Note di un ex populista
Lo so, lo so: ultimamente sembro un latitante. Ma ho anche una vita off line da vivere (con tutto ciò che ne consegue).
Dunque, da due giorni ho terminato la mia esperienza lavorativa presso l’agenzia di comunicazione con la quale collaboravo e al momento mi ritrovo disoccupato. Sarà ancora per poco visto che dal prossimo mese inizierò una nuova esperienza lavorativa, quindi mi sono regalato i classici 15-20 giorni sabbatici da dedicare al cazzeggio e alla sistemazione di alcune questioni burocratiche.
Volevo scrivere un po’ di quello che ha significato il V-Day, ma vedo che in giro ne hanno scritte di cotte e di crude e quindi il mio contributo si limiterà a sottolineare - magari in controtendenza - come la serie di eventi coincidenti con quella giornata (funerali di Pavarotti, partita della nazionale di calcio ecc. ecc.) e la scarsissima attenzione che i media tradizionali (la tivvù in primis) hanno prestato all’evento siano da considerarsi un ulteriore prova della riuscita della giornata.
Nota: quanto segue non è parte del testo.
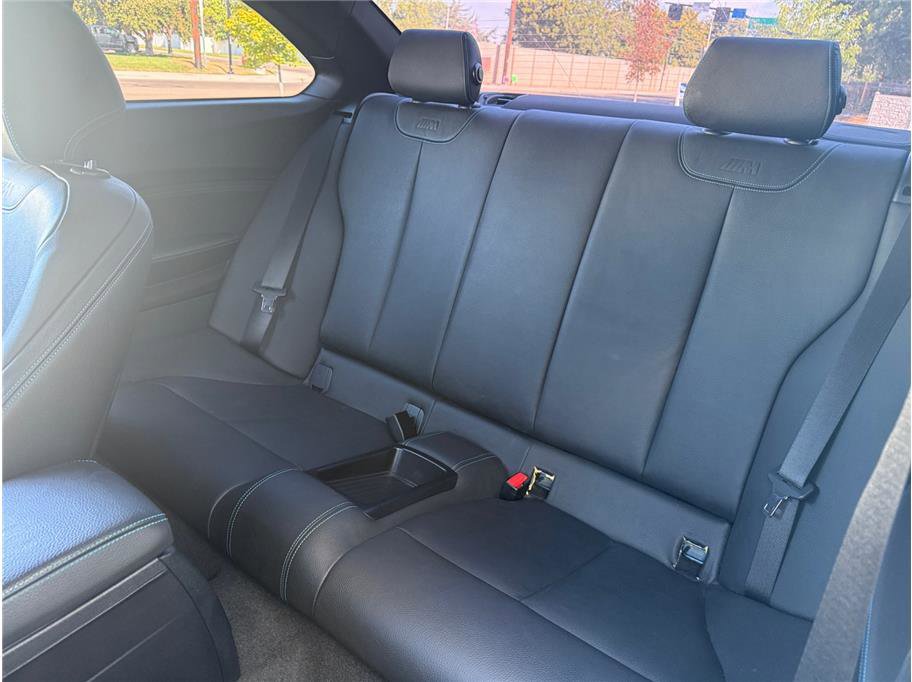 Used 2017 BMW M2 RWD image 31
Mi spiego. Paradossalmente, il non aver dato il giusto risalto al V-Day (che, comunque, ha raggiunto i suoi primi due obiettivi: raccogliere le firme sufficienti per l’iniziativa di legge popolare e fare massa critica) pone l’evento in una posizione di vantaggio rispetto ai suoi detrattori. E’ stato mostrato come un “nuovo” mezzo di comunicazione e informazione qual è il web (i siti di Repubblica e Corriere hanno dato il giusto risalto all’evento, c’è da dire) riesca a informare e aggregare persone senza il supporto dei tradizionali mezzi di comunicazione, senza grossi mezzi economici e senza il supporto dei partiti (anche se c’è da sottolineare che una certa politica ha preso parte all’evento offrendo la propria piattaforma - media partner di EcoTv è il partito di Pecoraro Scanio - per trasmettere la diretta dello show di Grillo a Bologna, sfatando quindi il tabù antipolitico dello stesso Grillo e della purezza apartitica).
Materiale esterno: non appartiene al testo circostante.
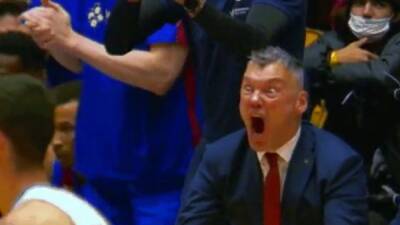 El Gif de Jasikevicius entrando en trance que dejó a todo el mundo en casa ojiplático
Ha sottolineato non il populismo e l’antipolitica della gente comune (quella che fa la fila alle poste e che non usa i mezzi dello Stato per i propri interessi, per intenderci) ma la coesione tra chi pretende, dalla politica, risposte e non dubbi. Poche ma almeno importanti certezze. Soprattutto, ha messo in evidenza non l’avversione della gente verso i partiti, ma dei partiti verso la gente.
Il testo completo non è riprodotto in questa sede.